The task
Leave out the pictures and retype, exactly, the lines below from the line with "Zaples Baby Non" up to and including the line with "Light Peach Glass Tissue Designer Saree", nothing more.

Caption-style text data
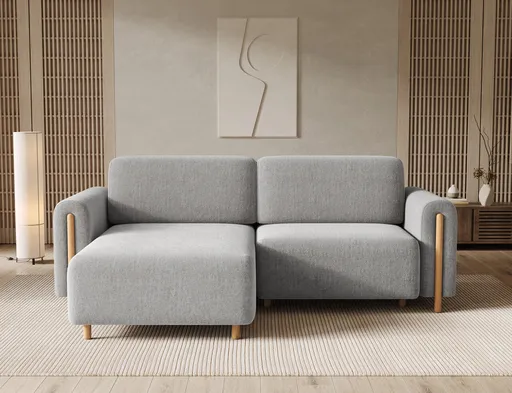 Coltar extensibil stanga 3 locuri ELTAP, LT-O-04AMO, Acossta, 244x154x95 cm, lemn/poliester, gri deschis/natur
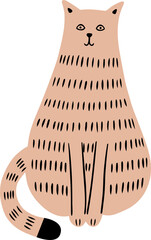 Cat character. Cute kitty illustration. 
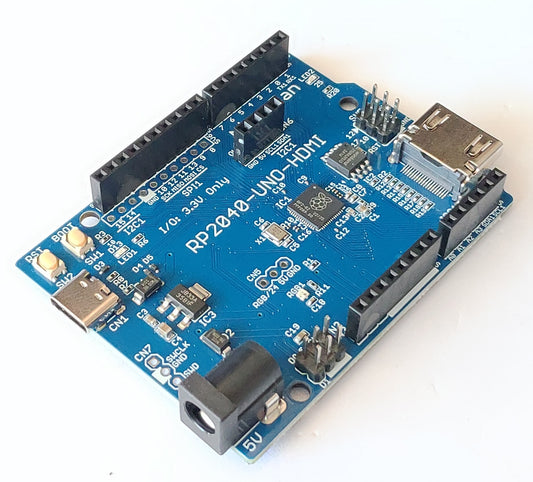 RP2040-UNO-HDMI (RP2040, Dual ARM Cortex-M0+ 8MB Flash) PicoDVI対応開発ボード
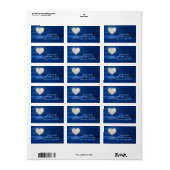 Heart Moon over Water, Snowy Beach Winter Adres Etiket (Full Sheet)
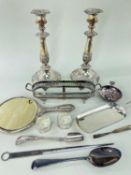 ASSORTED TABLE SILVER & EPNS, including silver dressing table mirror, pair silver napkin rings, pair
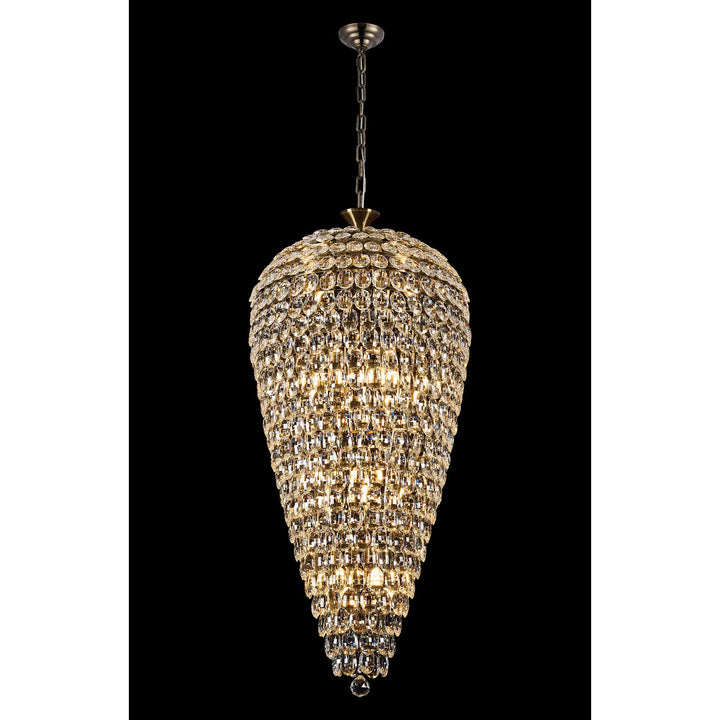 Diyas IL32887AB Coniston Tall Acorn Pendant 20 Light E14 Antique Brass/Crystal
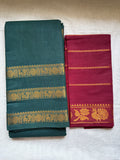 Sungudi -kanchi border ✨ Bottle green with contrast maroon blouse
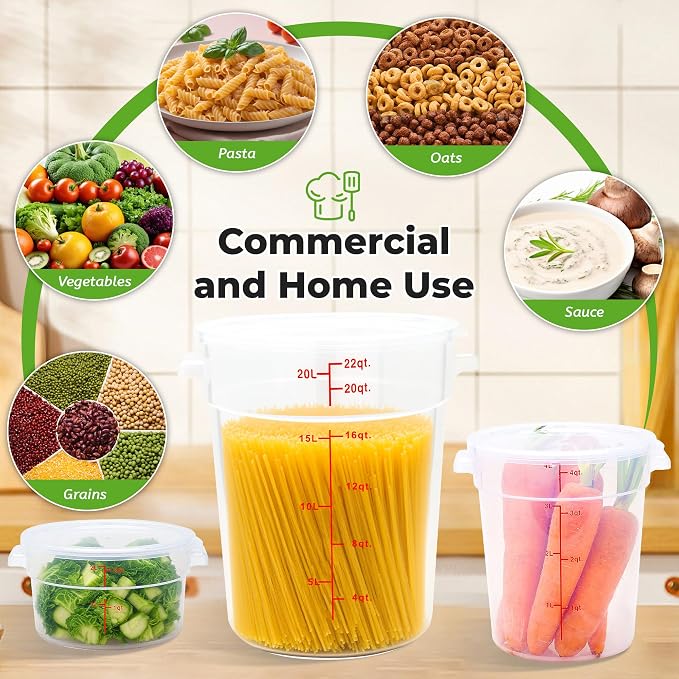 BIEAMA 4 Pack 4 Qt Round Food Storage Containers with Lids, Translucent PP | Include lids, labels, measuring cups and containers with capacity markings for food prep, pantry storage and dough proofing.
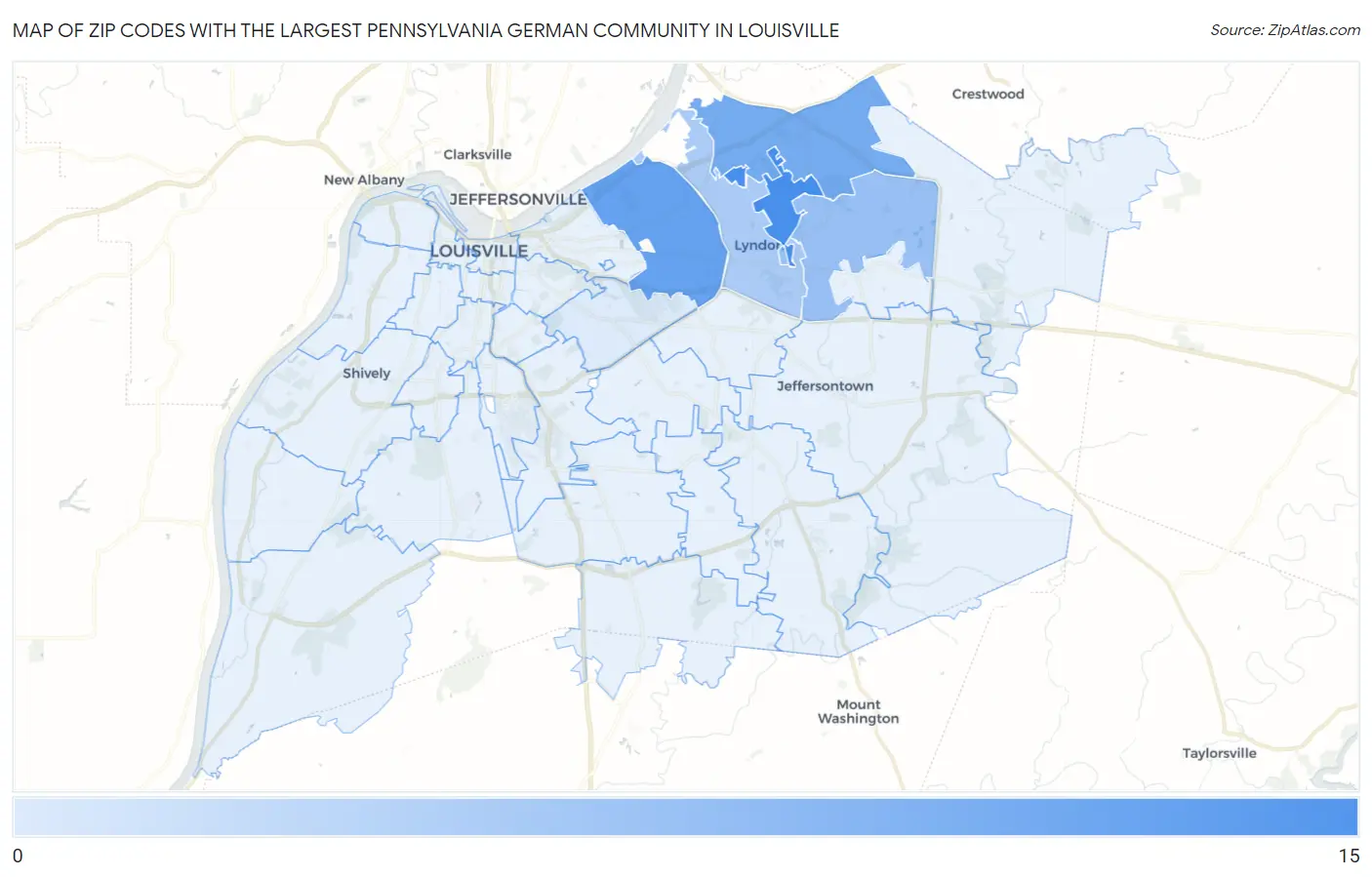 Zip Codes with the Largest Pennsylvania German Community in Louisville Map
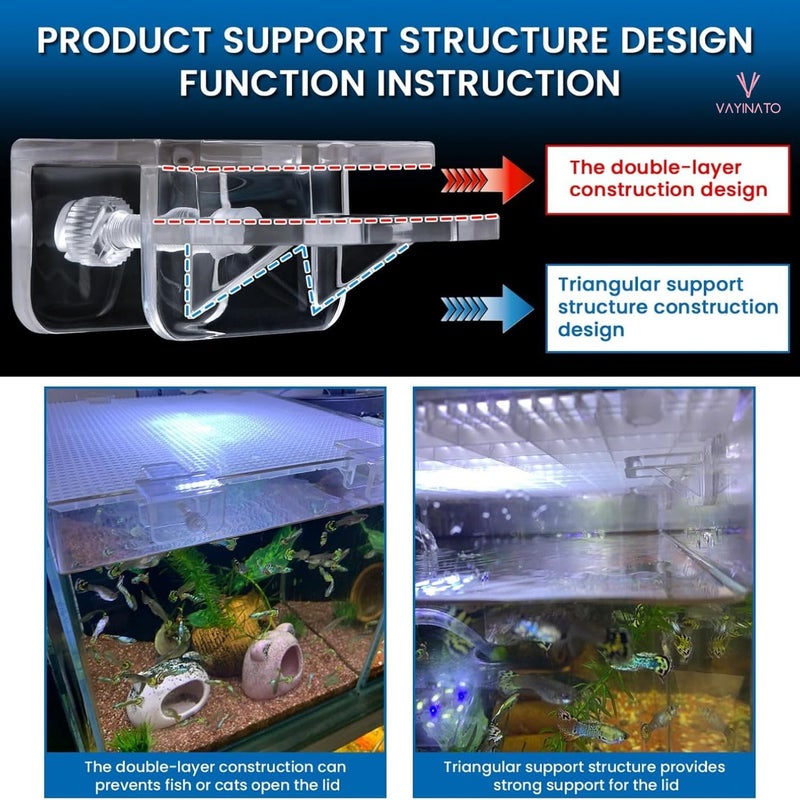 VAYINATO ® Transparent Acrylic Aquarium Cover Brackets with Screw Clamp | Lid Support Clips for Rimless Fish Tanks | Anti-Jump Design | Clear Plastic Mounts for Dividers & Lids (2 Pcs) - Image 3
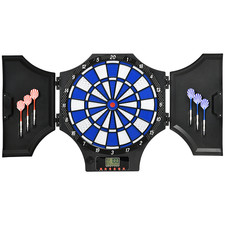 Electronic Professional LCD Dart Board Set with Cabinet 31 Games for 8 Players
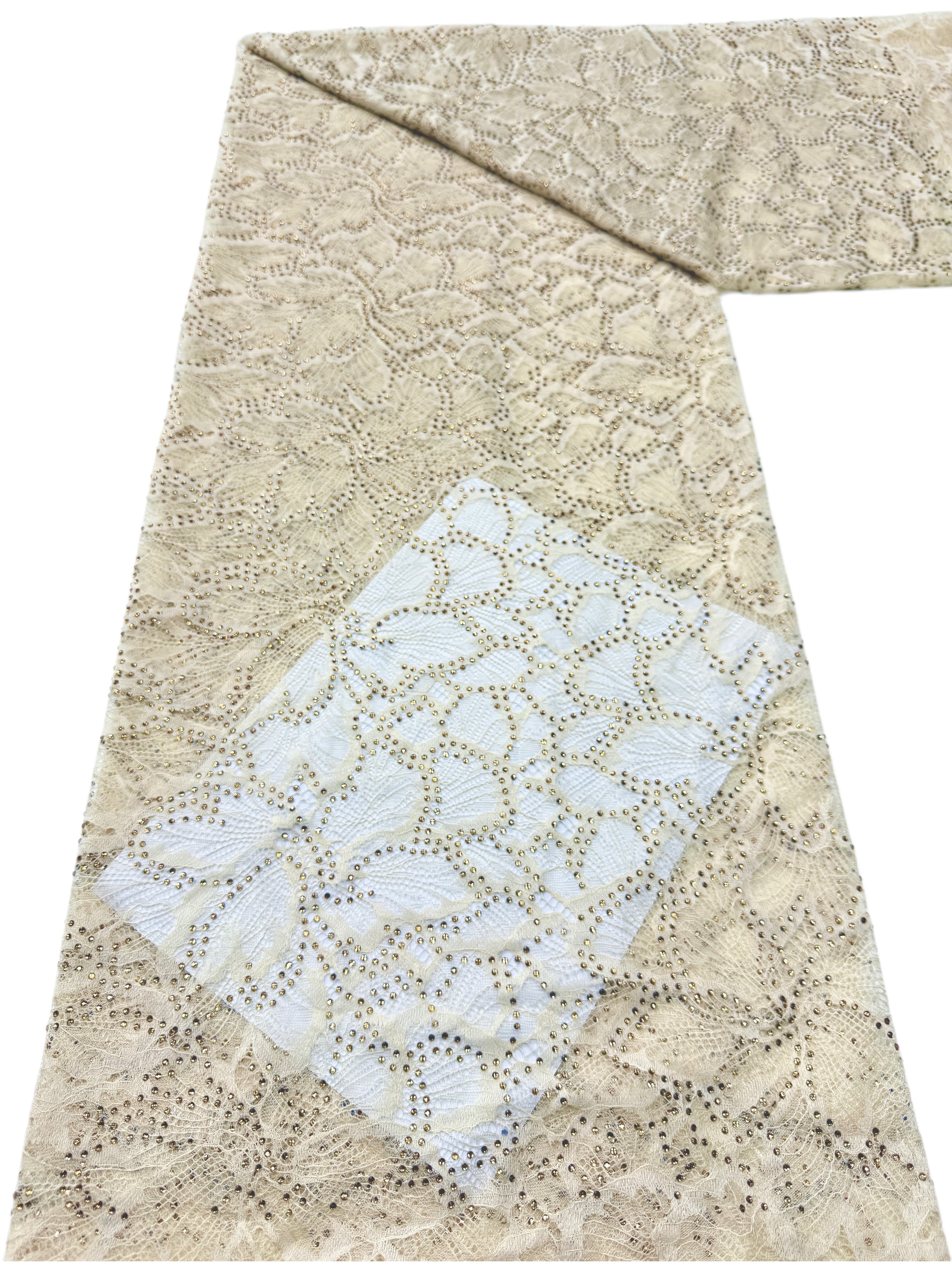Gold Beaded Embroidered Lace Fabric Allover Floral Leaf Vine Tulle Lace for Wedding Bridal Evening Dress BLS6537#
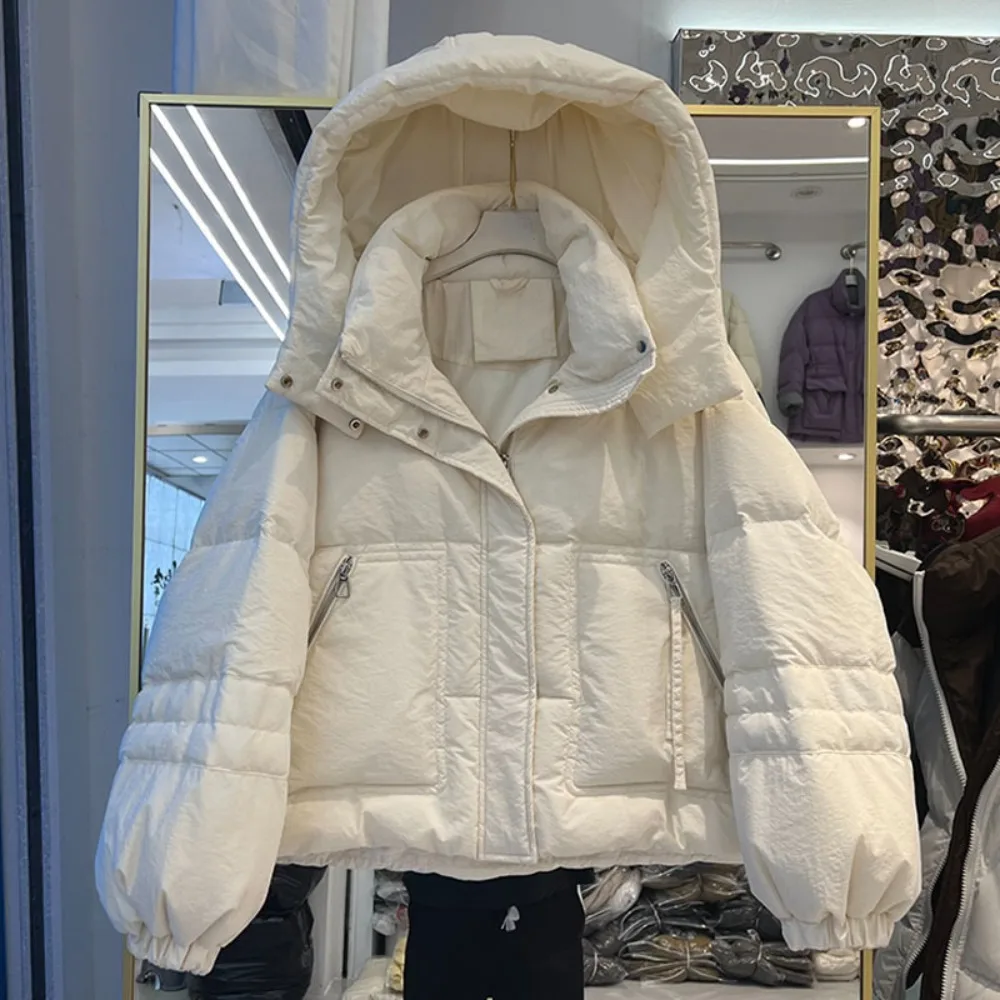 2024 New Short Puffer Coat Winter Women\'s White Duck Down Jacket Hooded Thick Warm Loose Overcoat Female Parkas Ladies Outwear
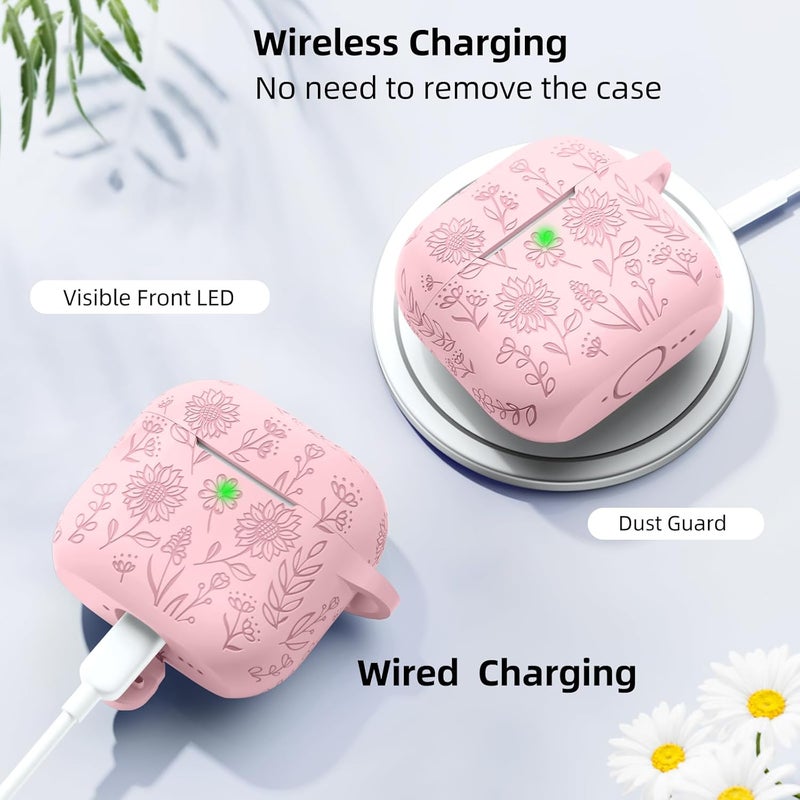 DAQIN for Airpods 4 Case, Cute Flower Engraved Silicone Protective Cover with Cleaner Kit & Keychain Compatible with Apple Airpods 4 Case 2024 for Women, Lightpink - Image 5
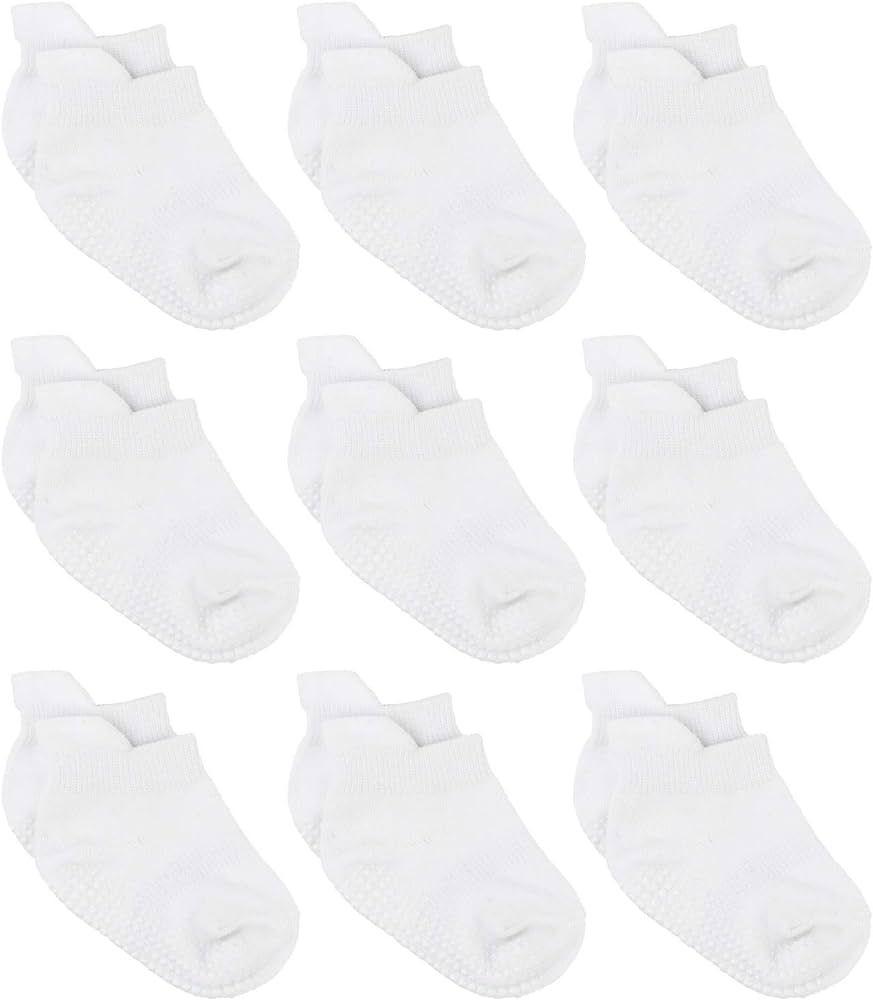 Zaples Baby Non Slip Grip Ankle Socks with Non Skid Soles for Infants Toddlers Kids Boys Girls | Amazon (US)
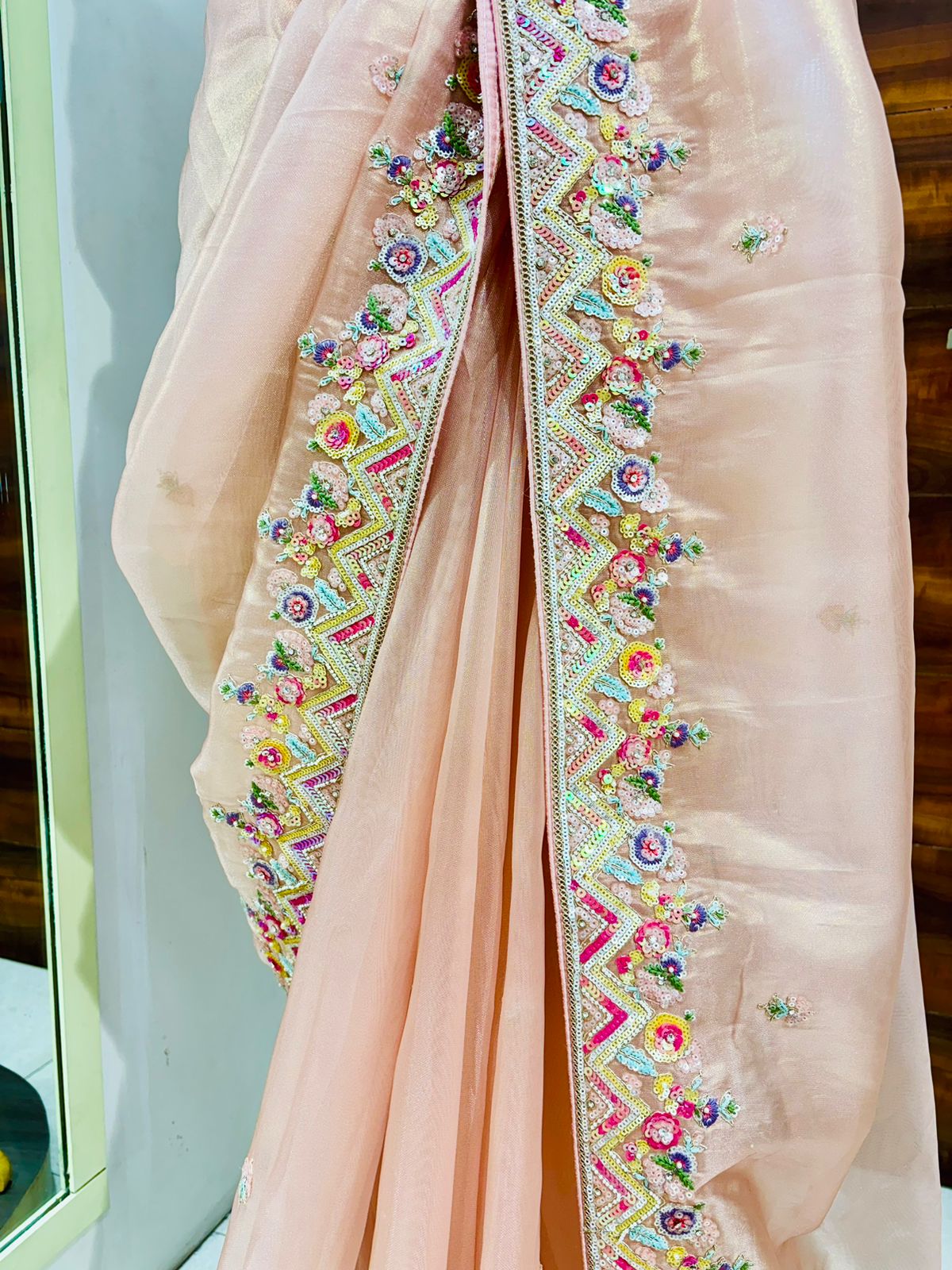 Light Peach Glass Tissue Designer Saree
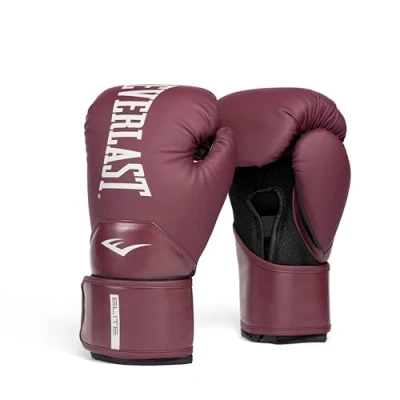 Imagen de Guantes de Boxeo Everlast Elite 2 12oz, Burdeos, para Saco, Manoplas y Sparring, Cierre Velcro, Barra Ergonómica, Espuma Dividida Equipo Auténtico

Result
 Zaples Baby Non Slip Grip Ankle Socks with Non Skid Soles for Infants Toddlers Kids Boys Girls | Amazon (US)
 Light Peach Glass Tissue Designer Saree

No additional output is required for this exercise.